Lediglich die NATO-Mission Sea Guardian sowie die europäische Operation EUNAVFOR MED sind nach wie vor als legal klassifiziert, dienen jedoch ausschließlich dem Kampf gegen illegale Schlepperaktivitäten sowie der Ausbildung der Libyschen Küstenwache. Diese ist aufgrund fehlender Staatlichkeit in Libyen aus verschiedenen Milizen zusammengesetzt und wird von der EU finanziell stark gefördert. Die beiden offiziellen staatlichen Missionen haben in den letzten Jahren nach anfänglichem humanitärem Einsatz keinerlei Menschen gerettet, sorgen stattdessen für Beihilfe zu illegalen Push-Backs nach Libyen, wo es entgegen diverser Aussagen von Politiker*innen keine nach Seerecht anzusteuernden sicheren Häfen gibt. Die Boote der europäischen Missionen umfahren sogar beabsichtigt auf Befehl der zuständigen italienischen Regierung gängige Fluchtrouten, was Verteidigungsministerin Ursula von der Leyen kürzlich zum Anlass nahm, die deutsche Beteiligung an der Rettungsmission Sophia zu beenden. Damit ist ebenfalls hinfällig, zu glauben, dass die zuvor von der Zivilgesellschaft verteidigten Werte der EU nun wieder von staatlicher Hand durchgesetzt würden. Wenn die EU weiter die Menschenrechte in der Flüchtlingspolitik derart missachtet, kann auch sie selbst ihre Glaubwürdigkeit verlieren und dabei untergehen.

Es fällt schwer, an eine Änderung der momentanen Situation zu glauben. Doch aufgeben, schweigen und wegschauen heißt, den Tod von Geflüchteten, den Tod von Menschen zu akzeptieren.

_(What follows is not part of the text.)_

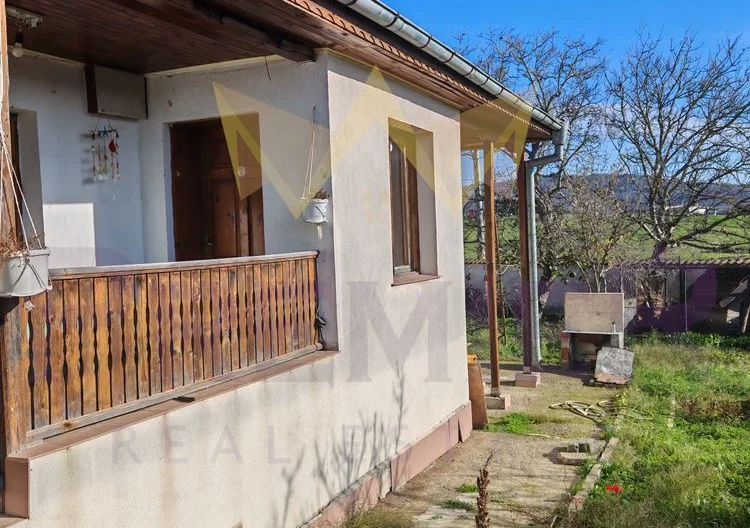 Живот сред спокойствие-къща в с.Маринка - - снимка 8 - Имоти Премиер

Deshalb ist es an der Zeit, ein deutliches Zeichen zu setzen, sei es im Rahmen von Demonstrationen, in der aktiven Unterstützung der zivilen Seenotrettung oder in der Ablehnung der momentanen europäischen Politik bei Wahlen. Lassen wir nicht zu, dass im Namen von uns europäischen Bürgerinnen Menschen sterben. Dies kann und darf in einer Gesellschaft niemals Normalität sein.